The ‘cheer around 2016

There were many other things to cheer about. Innovation, infrastructure development, redevelopment works, town planning, amongst others kept the market busy this year. The government was in its finest in relegating work to the local bodies and keeping a watch over them.

Government policies such as Demonetization, Real Estate Regulatory Act (RERA), Goods and Service Tax (GST), Benami Act, amongst others. Despite the long queues and media rage against the troubles that some of these policies have brought with them, their benefits though late are undeniable.

To make New Delhi a Smart City by the year 2018 as directed by M Venkaiah Naidu, urban development minister, NDMC has adopted extra measures to ensure the set-up of digital screens at all major locations to display useful information on weather, traffic flow, suggested traffic diversions and pollution. Initiatives have also been undertaken to disseminate information through FM and community radio. The entire NDMC area is also supposed to be provided with Wi-Fi connection.

Gurgaon, the upscale peer of the other NCR counterparts had been weighed down by a cash-strapped HUDA which had negatively affected the infrastructure updates that got delayed earlier this year. However, the renewing interest shown very recently by the Chinese conglomerate - Wanda Company is a big boost thumbs up for the real estate market.

The company would be investing over 10 billion dollars in the coming four years in building industrial parks, industrial units to manufacture cell phones and e-commerce platform and smart city in the 2,200 acres of land made available by the Haryana government near Kharkhoda. More tracts of land will be provided over the course of years. Industrial and office realty development almost always leads to residential development. This means, this micro-markets chance of getting a fresh lease of life seems imminent.

Noida was on an improvement drive (led by the state government) this year. Adding to this, the 5 per cent rise in the office rental worked for the eastern market of NCR. Some of the government directives were the return of unused leased land by builders in order to pay up the pending lease dues to the authorities.
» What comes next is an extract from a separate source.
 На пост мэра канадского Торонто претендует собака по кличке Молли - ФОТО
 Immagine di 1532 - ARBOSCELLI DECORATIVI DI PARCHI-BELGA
The money collected in return will be used for project completion which will dissolve the roadblock between buyers and builders in Noida. Another example was the decision to not increase FAR in under-construction projects and upcoming projects. This means NOC and completion certificate will only be issued to builders when construction of common facilities gets completed, builders pay off their dues and on completion of infrastructure work of under-construction towers or projects.

Coming up - 2017
What do the developers have to say on 2017? Will it be a replica of the present year? Ranjit Naiknavare, director, Naiknavare Developers Pvt. Ltd says that things will change for good and some of them would be led by demonetization. He says, “Post February when there is more clarity on RERA, GST rates and the dust has settled from demonetisation issues, interest rates are expected to reduce and property prices to soften.  For every 1% decrease in home loan rates and with GST in vogue, we may see an increase in prices by around 2.5 to 5%.  So, the next two months will be perhaps the most opportune time to buy into projects.”

Fitch Ratings Inc., one of the well-known credit rating agencies on a report mentioned that due to demonetization, the credit profiles of particularly those companies will be hit which have aggressively expanded their land banks in the last two years, using cash collections from previously sold properties. Unsold inventory is expected to increase in 2017, particularly in the NCR.

Reduced prices of premium houses, lowered bank rates and a transparent real estate market should lure buyers for an investment. Consumer sentiments are hopeful about 2017 which is a positive sign. All four are good enough reasons to be optimistic about the coming year.